Although immigration reform is one of the largest issues facing the United States today, most of the discussion is centered on curbing the number of immigrants entering the nation rather than aiding those who have already established themselves here. In June 2012, President Barack Obama created a new program called “Deferred Action for Childhood Arrivals” (DACA) giving certain young undocumented people the ability to apply for temporary work permits and deferrals of deportations. During his Presidential campaign, now President Donald Trump vowed to repeal this policy in order to achieve his larger goal to “Make America Great Again.” Although Trump has not acted on this promise, his immigration policies thus far have set up the stage to repeal this Obama directive. In an effort to dispel the myths about DACA, studies have estimated that DACA would add millions in wages to both DACA eligible employees and state residents at large. Data suggests that concerns about DACA are far outweighed by the likely economic benefits of the program. By examining differences between increases in income for both DACA-eligible recipients and all state residents, my research indicates that DACA is beneficial not only for those who are eligible for it, but also for state residents at large. In addition, I seek to analyze data compiled by the Migration Policy Institute, which suggests that family income as a result of DACA increases for all wealth classes throughout the United States.

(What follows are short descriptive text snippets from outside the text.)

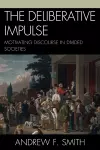 The Deliberative Impulse cover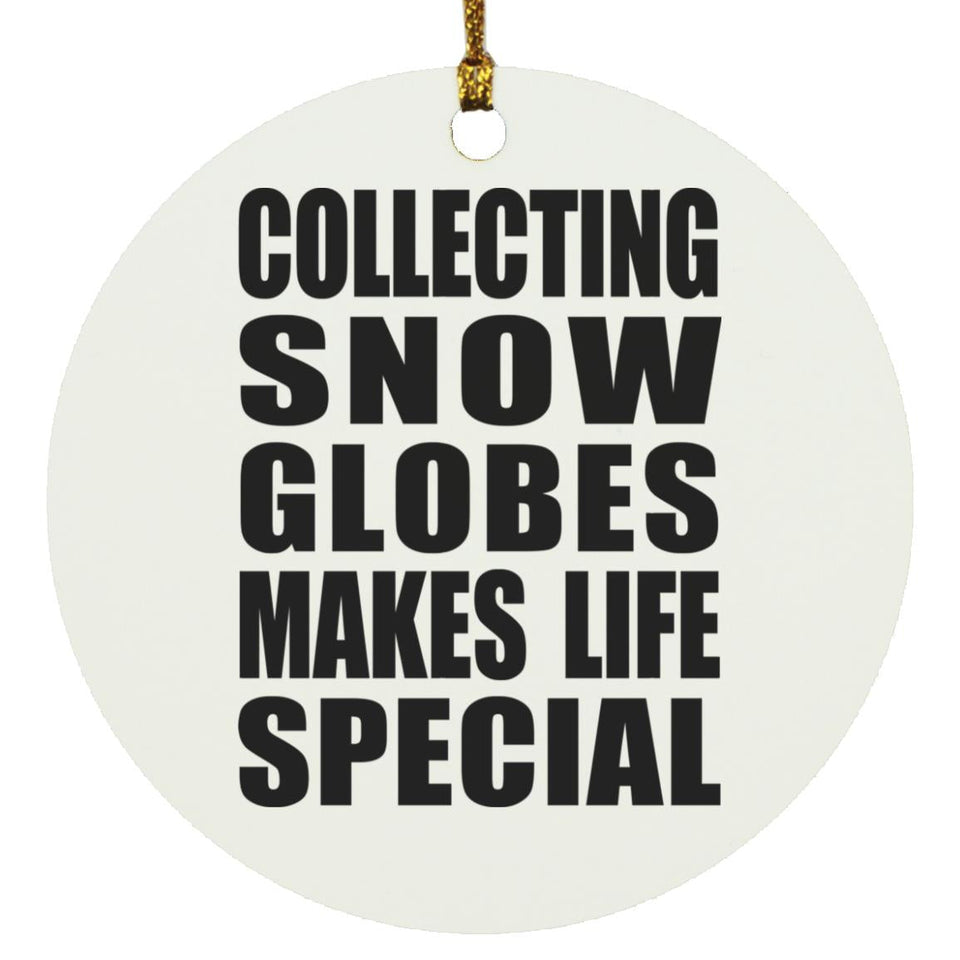 Collecting Snow Globes Makes Life Special - Circle Ornament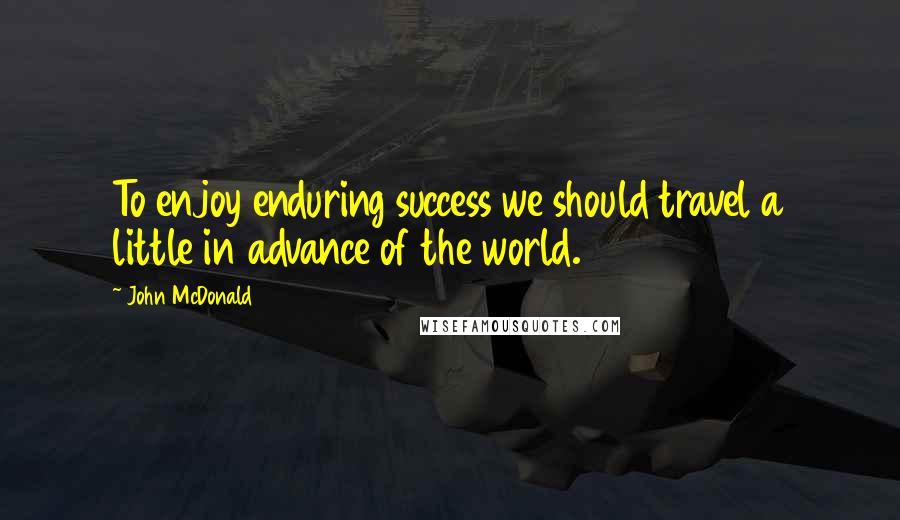 John McDonald Quotes: To enjoy enduring success we should travel a little in advance of the world.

In 2013, the Center for American Progress (CAP) published an estimate for the increases in income for both DACA eligible recipients and state residents at large from 2012 to 2022, suggesting that DACA positively contributes to economic growth. When the data is analyzed on the state level (see figure 1) states such as California and Texas see a large increase in family wages. This is probably because these states have a higher number of DACA eligible recipients. However, there is no large difference in likely increases in wages between Southern states and non Southern states. This indicates that increases are not dependent on where a state is located, but rather by the number of already established immigrants there are within the state.

Increases in the income of DACA eligible workers can be explained by the new opportunities presented to them through a work permit and a social security number. According to a report by Roberto Gonzales and Angie Bautista-Chavez, 60% have obtained a new job, 45% increased their earnings, 21% have obtained internships, 49% opened a bank account, and 21% obtained health care. These opportunities are what allow their wages to increase, and according to the Center for American Progress, as lower income individuals gain access to capital, they rapidly recycle it back into their local economies. DACA would stimulate the economy due to a rise in thriving middle class populations. 64% of DACA eligible recipients live at or below 199% of the poverty line (figure 2), so they are likely to spend their income faster than individuals that live above 200% of the poverty line because they need more immediate access to resources. Moreover, over 3.5 million DACA eligible families live below 99% percent of the poverty line, suggesting that they would recycle their wages into the economy because they need immediate access to goods. Thus, economic advantages for DACA recipients translate to economic advantages for their communities.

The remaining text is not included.